Rashada Williams

Personal information
- Full name: Rashada Shieka Williams
- Born: 23 February 1997 (age 29)
- Batting: Right-handed
- Role: Wicket-keeper

International information
- National side: West Indies;
- ODI debut (cap 93): 15 July 2021 v Pakistan
- Last ODI: 21 June 2024 v Sri Lanka
- T20I debut (cap 63): 28 September 2022 v New Zealand
- Last T20I: 3 May 2024 v Pakistan

Domestic team information
- 2014–present: Jamaica
- 2022: Guyana Amazon Warriors
- 2023–present: Barbados Royals
- Source: Cricinfo, 15 October 2024

= Rashada Williams =

West Indian cricketer (born 1997)

Rashada Williams (born 23 February 1997) is a Jamaican cricketer who plays for the Jamaica women's national cricket team in the Women's Super50 Cup and the Twenty20 Blaze tournaments. In January 2019, Williams was named in the West Indies' squad for their tour of Pakistan. In April 2021, Williams was named in Cricket West Indies' high-performance training camp in Antigua.

In June 2021, Williams was named in the West Indies A Team for their series against Pakistan. On 12 July 2021, Cricket West Indies added Williams to their Women's One Day International (WODI) squad for the final three matches against Pakistan. She made her WODI debut on 15 July 2021, for the West Indies against Pakistan.

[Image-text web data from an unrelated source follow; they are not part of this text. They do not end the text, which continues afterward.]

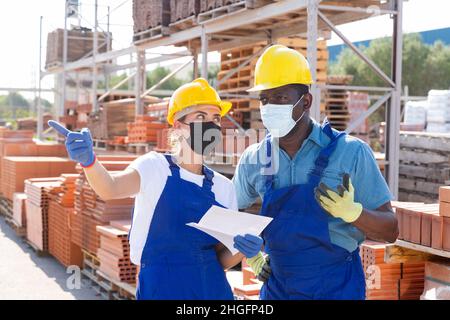 Two workers in masks keep track of the number of redbricks Stock Photo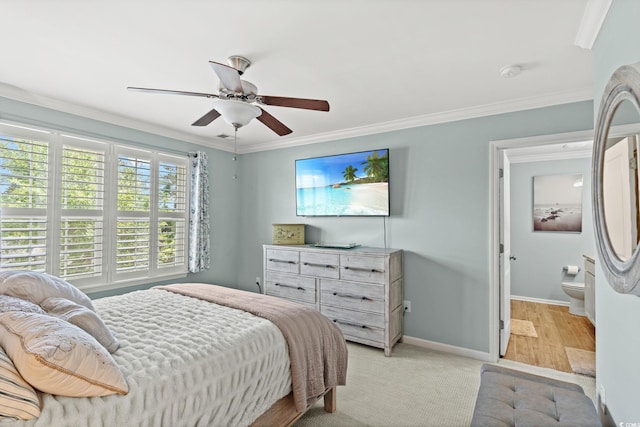 448 Papyrus Cir Unit 448, Little River, SC 29566 - bedroom featuring ornamental molding, baseboards, ceiling fan, and connected bathroom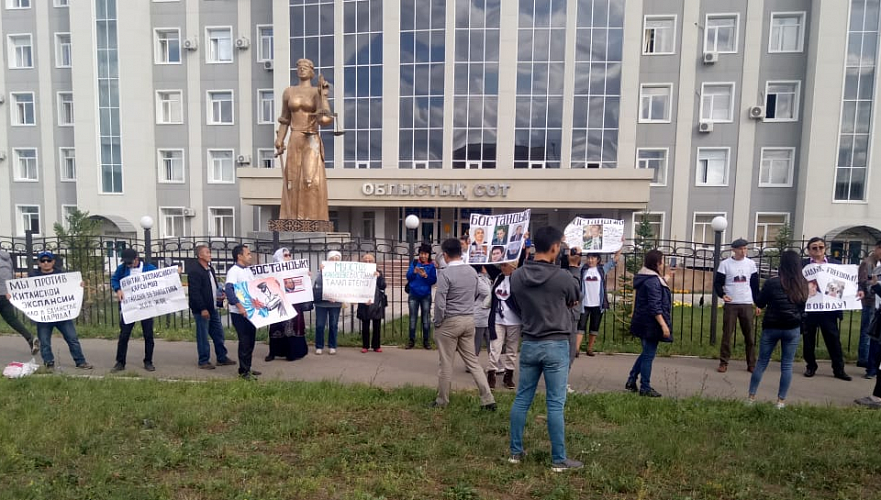 Десятки людей пришли с плакатами поддержать Джакишева к зданию суда в Усть-Каменогорске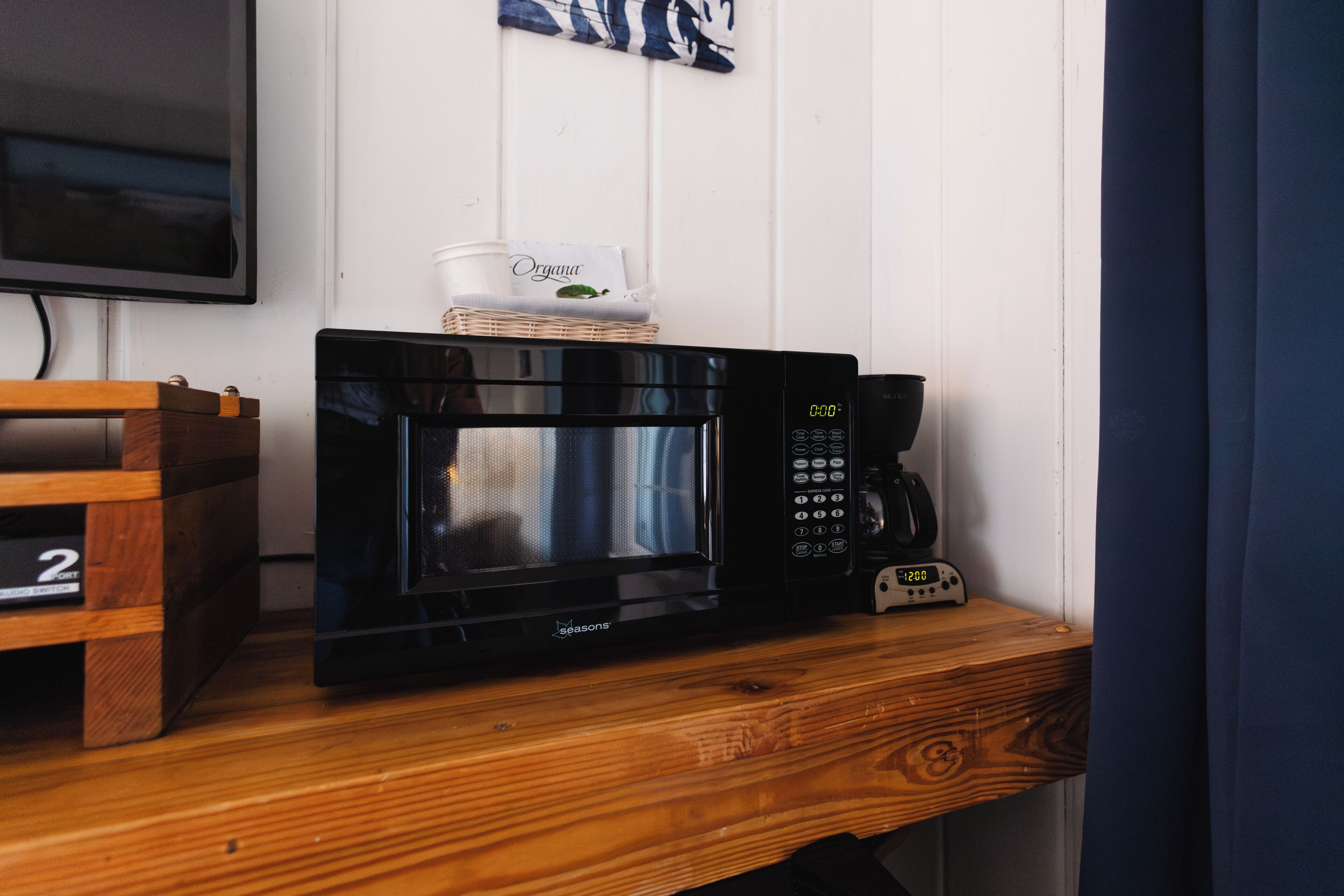 A microwave oven on a wooden shelf, a basket with a coffee cup, and a digital clock displaying 12:08.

In October 2021, she was named in the West Indies team for the 2021 Women's Cricket World Cup Qualifier tournament in Zimbabwe. In February 2022, she was named in the West Indies team for the 2022 Women's Cricket World Cup in New Zealand.

Williams was part of the West Indies squad for the 2025 Women's Cricket World Cup Qualifier in Pakistan in April 2025.